Map this verbatim into the README's "Best Use of Modal" section (REQ-06 requires noting Modal).

## 7. UX / UI requirements
Courtroom aesthetic (parchment, serif). CFO portrait. "Delivery Stance" bar (labeled *not a lie
detector*). X/3 contradiction counter. Autoplay witness audio. **Contradiction Engine accordion
defaults OPEN** (the #1-prize evidence must be on camera). Latency (~20–35s warm) masked diegetically
("the witness considers…"). For Off-Brand, a real `gr.Server` custom courtroom UI would be required.

## 8. Demo video (the judged artifact)
60–90s, controlled, ~20 dry runs first: stance steers witness → ask hesitantly, he overshares →
catch #1 → the Sandbox panel shows model-written code + verdict → catch #3 → **voice cracks** →
cost readout. Show the Sandbox executing the model's code as the dramatic beat.

## 9. Success metrics
Five consecutive clean end-to-end turns from the deployed Space · win-at-3 reliable · Sandbox
verdict authoritative (codegen broken <~30% of turns, self-correction covers the rest) · voice-crack
lands · measured Modal cost + snapshot seconds captured.

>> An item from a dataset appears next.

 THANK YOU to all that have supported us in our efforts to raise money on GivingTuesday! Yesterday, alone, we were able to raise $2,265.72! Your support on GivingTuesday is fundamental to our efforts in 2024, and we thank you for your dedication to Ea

## 10. Risks & mitigations
- **End-to-end turn never run** (highest risk) → deploy + prove 5 turns before anything downstream.
- **Modal secrets unset** → Space boots (lookup is lazy/try-excepted) but the Sandbox is dead; set `MODAL_TOKEN_ID`/`MODAL_TOKEN_SECRET` as Space secrets.
- **Codegen unreliable** → self-correction loop + a networkx skeleton in the prompt; never show repeated `score=0.00`.
- **Voice-crack variance** → pre-generate ≥30 takes of the win line, cache the best.
- **Nemotron ASR install friction** → bounded attempt, else pivot to parakeet or whisper fallback (never blocks the critical path).

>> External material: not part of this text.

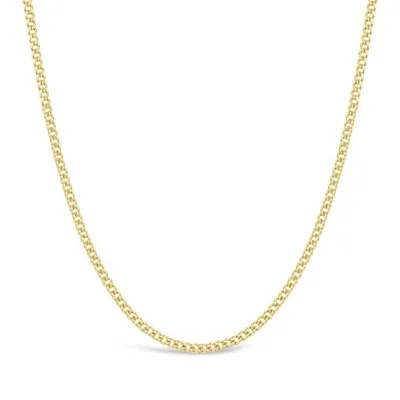 10K Yellow Gold 18" 2.1mm Semi-Solid Miami Cuban Chain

## 11. Build plan (by dependency — no calendar)
1. Set Space secrets · generate CFO portrait · (done in scaffold: lazy lookup, warmup sandbox prebuild, accordion open, torch≥2.5, generate_audio/init_audio).
2. Deploy + smoke-test `run_in_sandbox()` and the voxcpm image standalone.
3. **Five consecutive end-to-end turns** from the deployed Space + measured latencies/cost (the gate).
4. ≥30 win-line takes cached · codegen reliability hardened.
5. Nemotron ASR pivot-gate (stop-loss) · optional real `gr.Server` UI for Off-Brand.
6. Demo video (after dry runs) → README measured numbers → social → submit.

## 12. Integrity rules
Claims follow code — no "only entry that…" claims about a moving field; cost/latency are measured,
never fabricated. Pre-submit grep: `TODO | YOUR_HF_USER | NotImplementedError | <!--`.